Re: prefetching attribute (WAS Re: two ideas...) from Ted Hardie on 1995-12-21 (www-talk@w3.org from November to December 1995)

From: Ted Hardie <hardie@merlot.arc.nasa.gov>
Date: Wed, 20 Dec 1995 17:07:51 -0800 (PST)
To: brian@organic.com (Brian Behlendorf)
Cc: hardie@internic.nasa.gov, hammond@csc.albany.edu, www-talk@w3.org
Message-Id: <199512210107.RAA28534@merlot.arc.nasa.gov>
First off, let me agree whole-heartedly that this is academic
until someone implements a test.  There is some benefit, however,
to discussing what we might want to test.

The primary reason Brian seems to want to send the "Top" of the
pre-fetched document (or other object) rather than the whole thing is
to generate something like reasonable statistics for who actually saw
a page rather than who fetched it.  There are other, minor advantages
like being able to store bits of more pages in the user agent's cache
without incurring lots of transport overhead, but this would apply
only for objects whose MIME type made it reasonable to start
displaying with only partially information (it seems like this could
could be a problem for partial markup even with some psuedo-HTML, by
which I mean Netscapisms like "Javascript").

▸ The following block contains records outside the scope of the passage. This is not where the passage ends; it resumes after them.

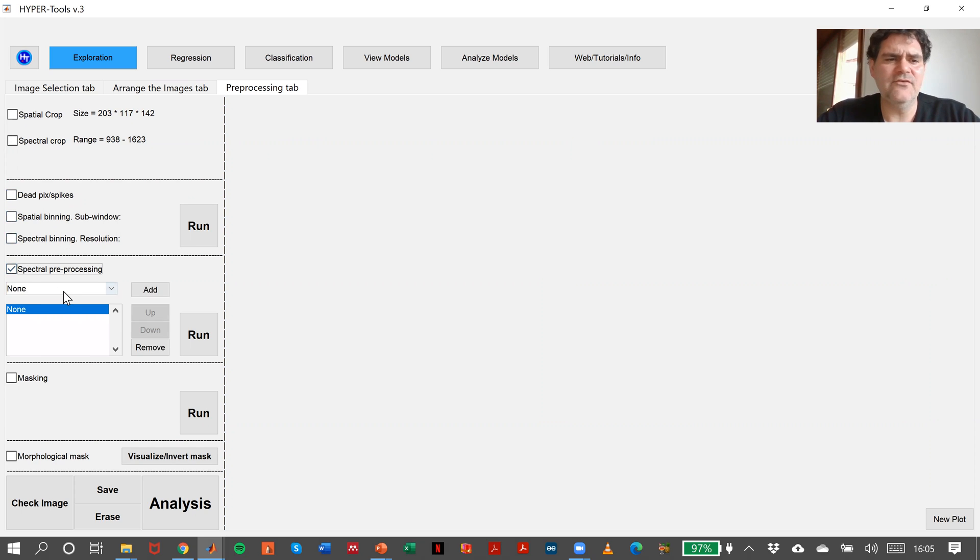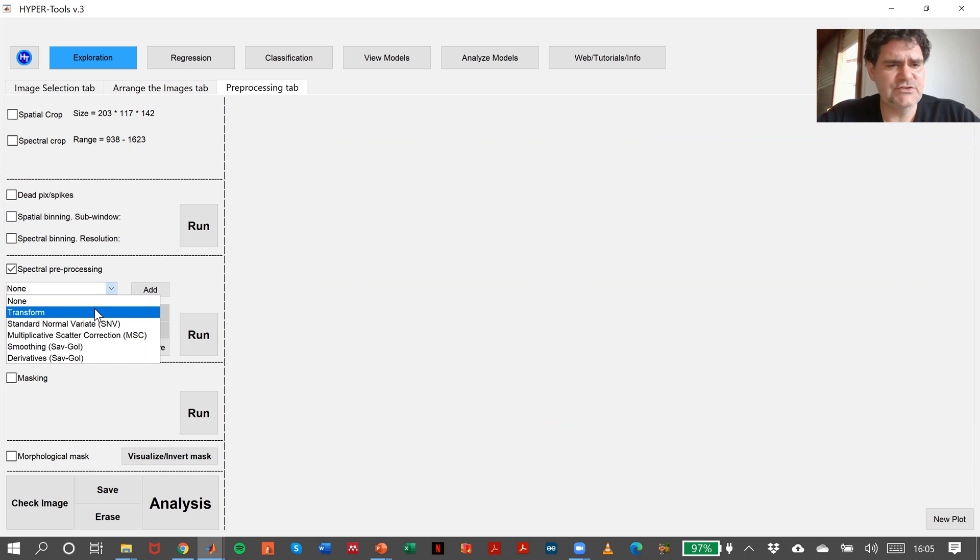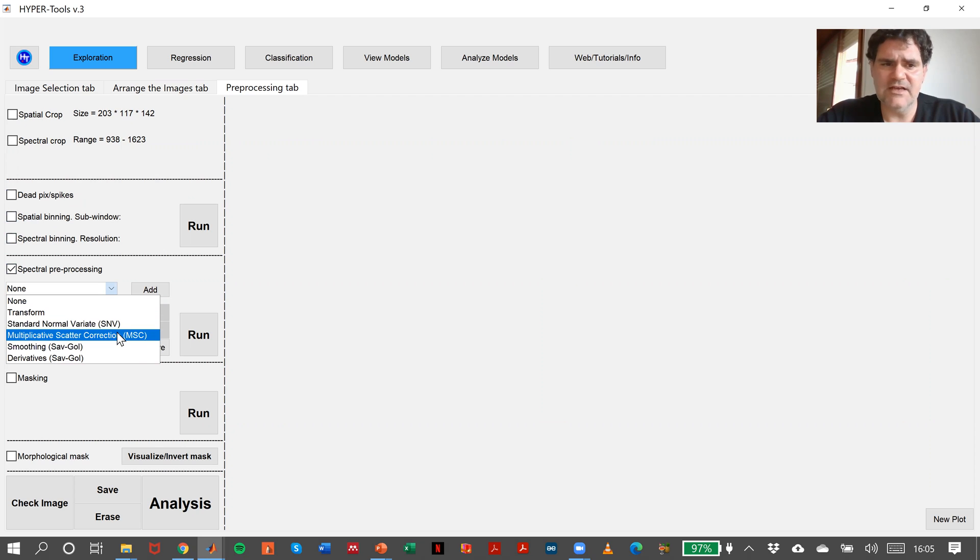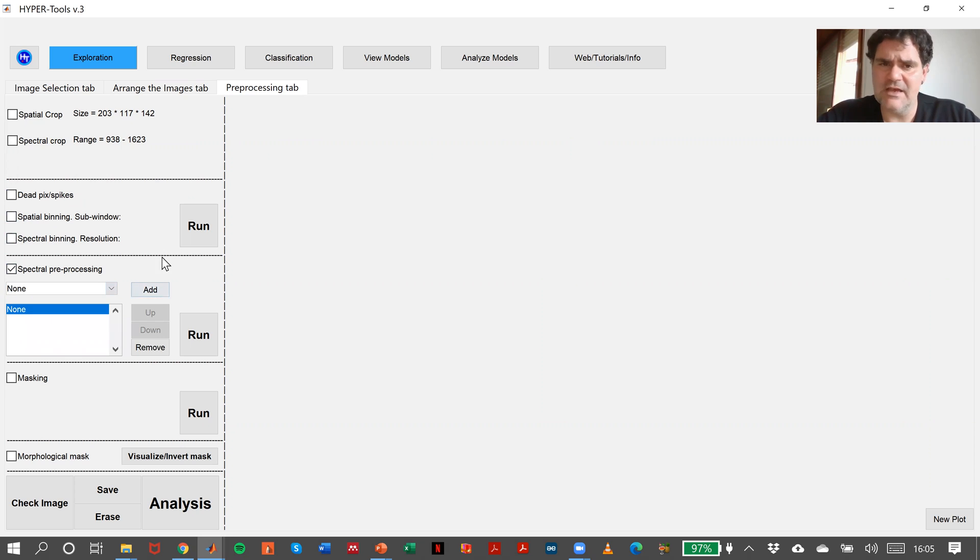We have the classical auto-scaling and Kubelka-Munk transformations, standard normal variate, multiplicative scatter correction, smoothing and derivatives that we can use in the order as many times as we need.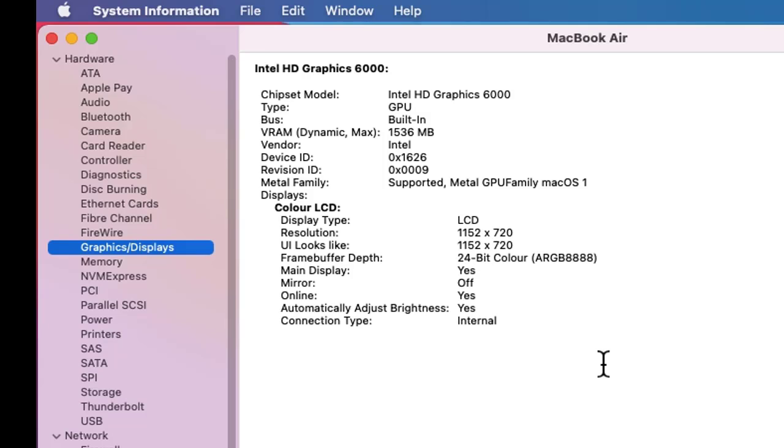So guys, in this video we saw how we can easily check the graphic card on MacBook, that is the type of graphic card and every detail about the graphic card on a MacBook, especially after the macOS Big Sur update. So guys, thank you for watching the video. If you liked it, do subscribe to AmitThings.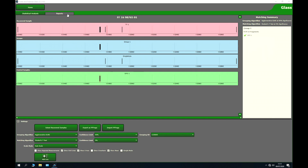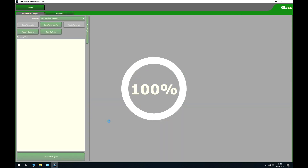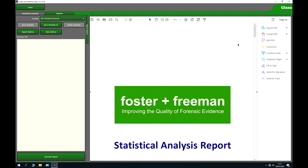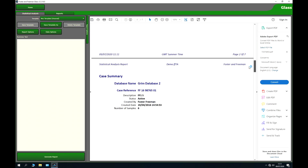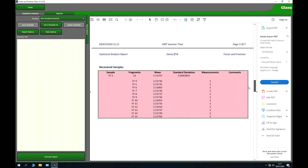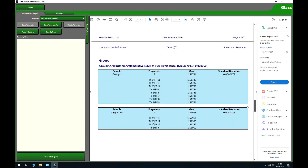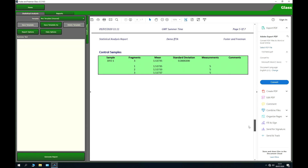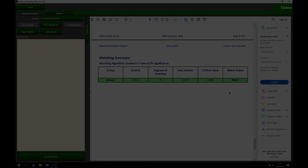We can also generate a report, which will summarise and give the results for all individual glass fragments, with a summary at the end indicating that this is a match.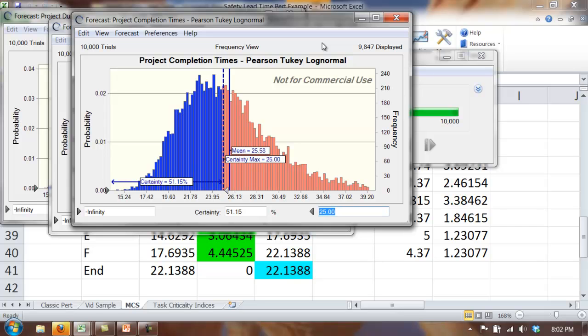In the next video, we'll look at the distributional assumptions and the effect on this risk estimate when we use different distributional assumptions. We'll see that the distribution we choose can have a big effect on our estimate of schedule risk.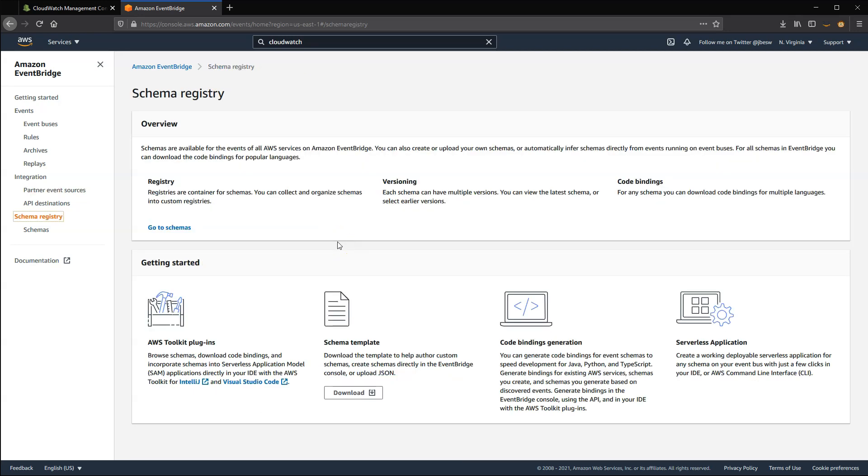EventBridge introduces the Schema Registry, which allows you to automate the discovery and creation of schemas. You can find schemas for AWS services, integrated SaaS providers, and your own custom events. EventBridge infers the schemas and stores these in a registry.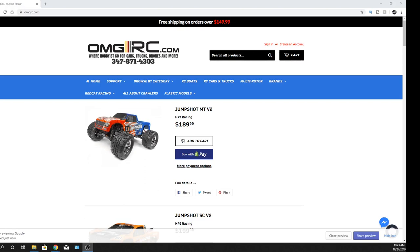Hey, what's going on guys, Joe with OMGRC.com. So just wanted to let you guys know that HPI, we got them in stock as far as their new products.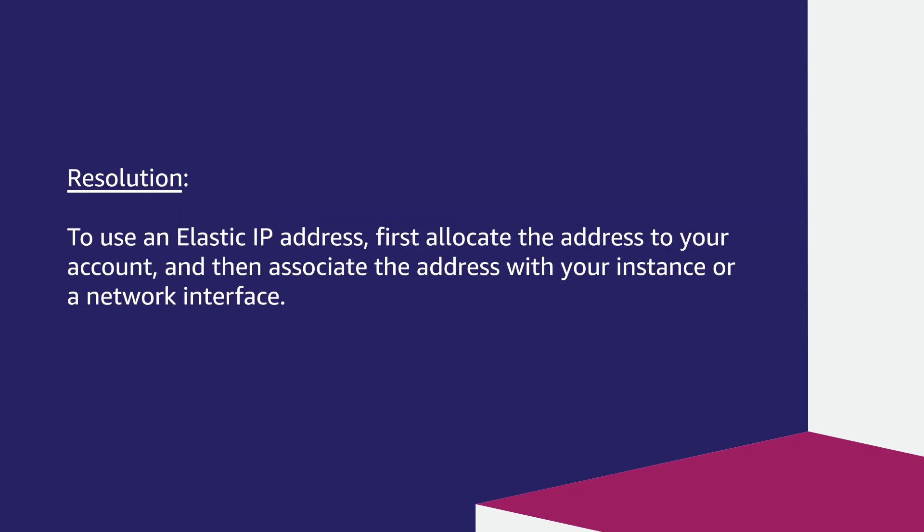Resolution: To use an Elastic IP address, first allocate the address to your account and then associate the address with your instance or a network interface. Let's see how to do this.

I dig the motivation, but I suspect it's not the right reason to do
it this way.  First, the statistics on who saw a document are affected
by caches in fairly unpredictable ways, so that fixing this bit does
not really solve the bigger problem.  Second, many other kinds of 
advertiser supported media have the same problem, both for under-reported
and over-reported statistics.  Eventually, the advertisers get a feel
for it, without having to engineer concrete statistics (imagine a TV they
stored the ads until a proximity-based radiant heat sensor indicated
that a human was nearby....).  The Web is young, so it doesn't have that,
but it will get it without our writing support for into basic methods
for http.

What would be needed to fix the basic problem is some confirmation
mechanism, so that web server can see in a concrete way how many times
the page was rendered.  An optional header to do this might work this
way:

Server sends:
Confirm: First

with a document; it is ignored by any intermediate caches and noted by
the user agent.  If the user agent is set to respond to confirms, it 
notes the desire for the confirm and sends the confirmation when it
renders the document.  If Confirm: is set to Each (or every, or some such),
the browser sends a confirmation every time it renders the page.  Make
confirm a method, which takes the same arguments as head, and expects
no reply or some specified Confirmation received response code.  This solves
the basic problem of mega-caches *and* prefetched documents.  It also means
that the change in behavior occurs only when a server admin wants the
confirmation.

You might need to protect privacy by having a user dialog come up when a
confirmation is requested, or have a global setting for those users who
don't care about confirmation.  Still, the thing is pretty doable.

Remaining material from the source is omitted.